Livent planned its expansion before the Inflation Reduction Act passed in August 2022, but since its passage, Fochtman says automakers have called stating they want their lithium hydroxide to come from the Bessemer City plant. Livent gets its lithium brine from Argentina.
“You come to work every day, not realizing until you have an event like this, how important your job is,” Fochtman says. She has worked at the plant 25 years, and says Livent focuses on providing lithium so battery-makers don’t have to rely on its product from China.
Last year’s expansion boosted the Philadelphia-based company’s workforce in Bessemer City from about 175 to 250, she says. Future expansions are already in the planning stages, she adds. The Livent plant is the country’s largest processor of lithium hydroxide.
Gaston County Commissioner Bob Hovis says Lithium has been a “model corporate citizen” for his hometown of Bessemer City. He says its workforce has remained steady as the textile companies moved from town. “It’s taken us from then until now to recover,” says Hovis, who was the plant manager of one of the largest textile mills in town when it closed in 1995.
Cooper says federal investments – including those that give tax credits of up to $7,500 for the purchase of electric vehicles – have helped bring jobs to places that have suffered historically from low wages and high unemployment.
“North Carolina is becoming the epicenter for clean energy in this country,” says Cooper. He pointed to Toyota’s plans to invest $13.9 billion and create 5,100 jobs for an EV battery plant in Randolph County as another example.
“We must do our part to fight climate change, but even those who don’t agree with that have to acknowledge the great-paying jobs that the clean-energy economy is bringing to American families, and particularly North Carolina families,” says Cooper.
Livent is not the only company in the area to benefit in the push for more electric vehicles to curb carbon emissions. In September, Charlotte-based Albemarle announced it had received a $90 million grant to expand domestic lithium mining operations in nearby Kings Mountain, which borders Gaston County. That mine has been closed for decades, but Albemarle expects to have it operational again as early as 2026.
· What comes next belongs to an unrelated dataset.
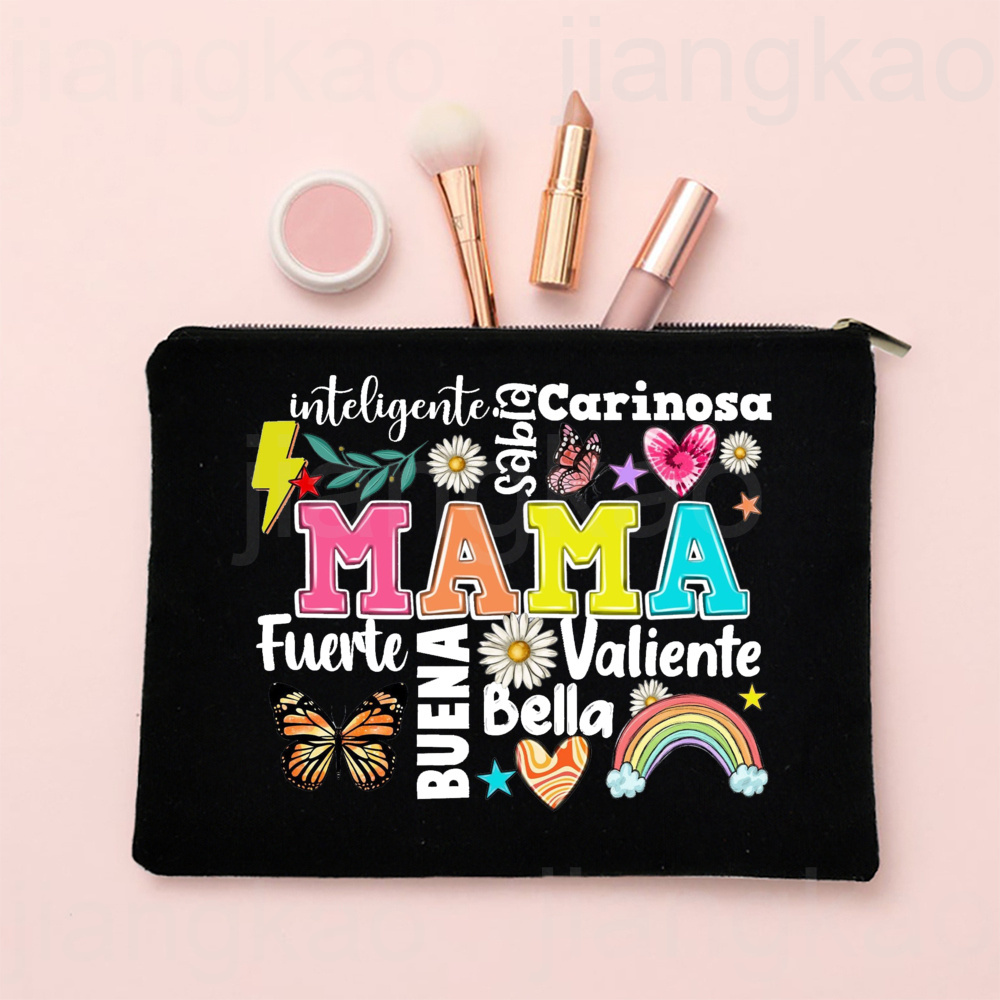 Spaans bedrukte make-uptas Reizen Neceser Toiletartikelen Opbergtas Vrouwelijke canvas cosmetische tassen Verjaardag Moederdag Cadeau voor moeder: Army Green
Another company, Piedmont Lithium, has been working for several years to open a lithium mine in northwest Gaston County, near the town of Cherryville. That project has faced local opposition. Both Yellen and Cooper told reporters they support lithium mining.
“It’s critical that we have strict environmental guidelines to protect the area, but lithium is critical to moving to a clean-energy economy,” says Cooper.
Gaston County commissioners also have been critical of Piedmont Lithium’s mining plans. The all-Republican board has said it will not make a decision on necessary zoning changes for the project until Piedmont Lithium receives a mining permit from the state.
Hovis says it remains unclear what will happen with Piedmont Lithium’s plans. “My crystal ball is not that good,” he says.